Data extracts:
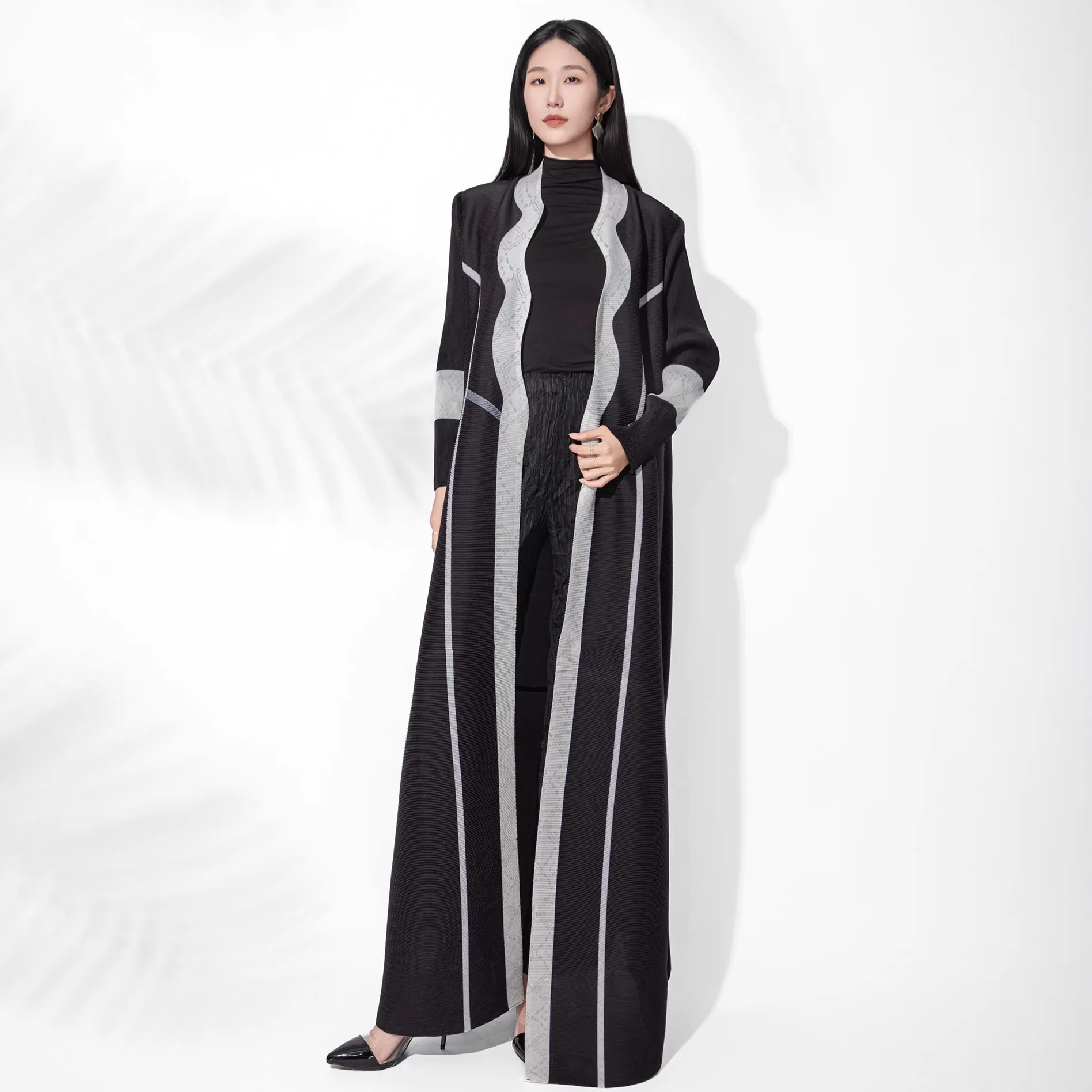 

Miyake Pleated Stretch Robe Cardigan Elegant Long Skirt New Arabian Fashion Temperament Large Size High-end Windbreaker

...

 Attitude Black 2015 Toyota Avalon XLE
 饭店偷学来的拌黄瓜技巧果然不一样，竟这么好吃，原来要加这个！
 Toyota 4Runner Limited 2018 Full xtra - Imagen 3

Activity: Across the records above, count the lines holding "Toyota" and write down only that count.

Response to this task: 2